The competitive part of the workshop involves configuring an MoA system to generate Python code for a calculate_user_matrix function, aiming for a maximum score of 120 points in an automated grader.
The challenge requires participants to act as AI prompt engineers and system architects, optimizing the main model, number of cycles (layers), temperature, and prompts for both summarization and individual agents.
Pre-set agents are provided to help with bug-fixing and performance optimization.
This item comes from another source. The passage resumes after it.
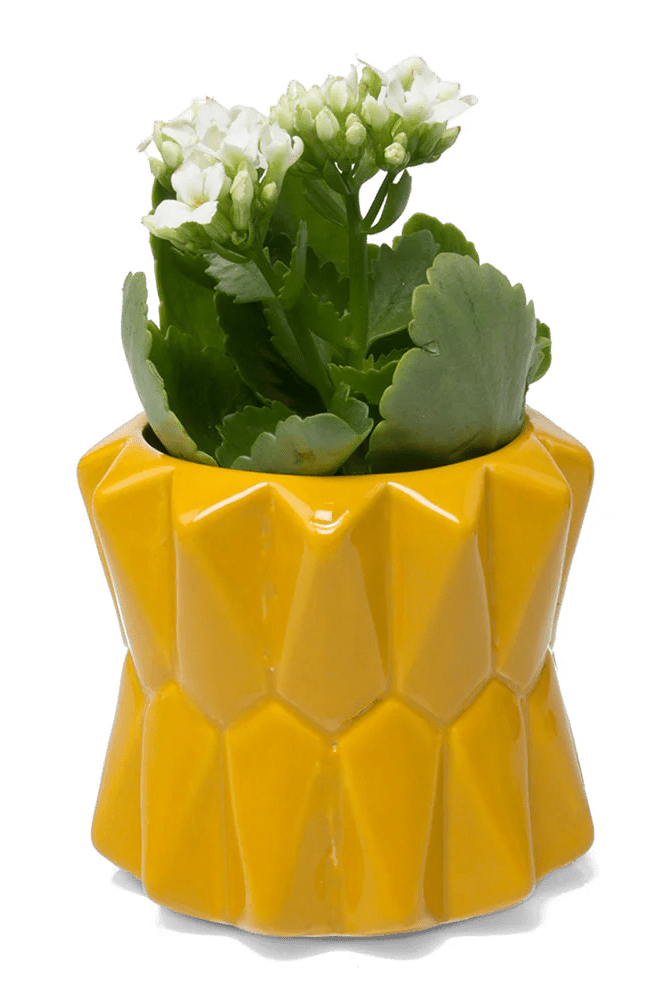Fang Ceramic Modern Planter For Succulents - Chive Ceramics Studio - Pots - Chive Ceramics Studio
The goal is to fix bugs and optimize the function using LLMs.
AutoML for MoA: Applying AI to solve multi-hour problems is already happening (e.g., codegen startups like Devin); Cerebras aims to reduce hours to minutes.
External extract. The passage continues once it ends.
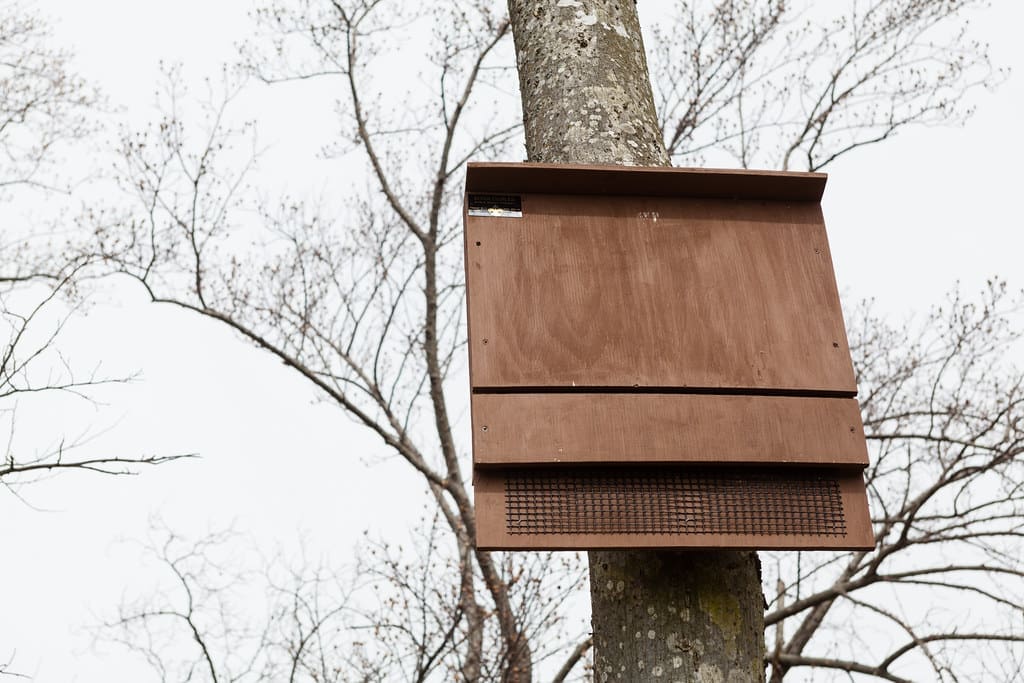 bat box building workshop, bats, bat houses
Global Distribution: Cerebras has six data centers in the US, with plans to open one in France and Canada, and expects continued global expansion.
Model Onboarding Time: Varies based on model architecture and kernel availability; models similar to existing ones (e.g., Quen 32B to Llama) are fast, while new architectures require custom kernel development.
Power Consumption: Cerebras claims around one-third the power consumption of Nvidia GPUs for equivalent workloads, though their chips are more massive and offer higher throughput.
MoA Benchmarks/Tradeoffs: MoA's performance depends on prompt tuning and system optimization. It's inspired by ensemble learning, where multiple models provide a more robust solution. Too many agents can lead to redundancy and unused agents, increasing time without improving the final solution.
Fine-tuned Models: Cerebras supports custom fine-tuned models for enterprise clients and is working on supporting LoRA fine-tuned models on its roadmap.
Diffusion Models: Currently in the research phase for scaling, Cerebras has seen promising internal demos of diffusion models running on their hardware, but they are not yet in the public inference API.
New Architectures: For new architectures not yet supported, Cerebras collaborates with customer engineers to ensure all necessary kernels are in place, leveraging their hardware's flexible design.
Real-time APIs & Multimodal Models: Cerebras has released its first multimodal API through the Mistral app (some image-based queries run on their hardware) and plans to scale it to their public cloud soon. Real-time use cases are an interesting direction due to their inference speed.
Model Sizes on Cerebras: There is no hard limit on model size, as Cerebras can infinitely add chips and scale linearly from 8 billion parameters to much larger models.
Instance Partitioning: Cerebras currently offers its service via API, handling the load and provisioning systems in the backend based on user workload and rate limits, rather than allowing users to partition single SOCs.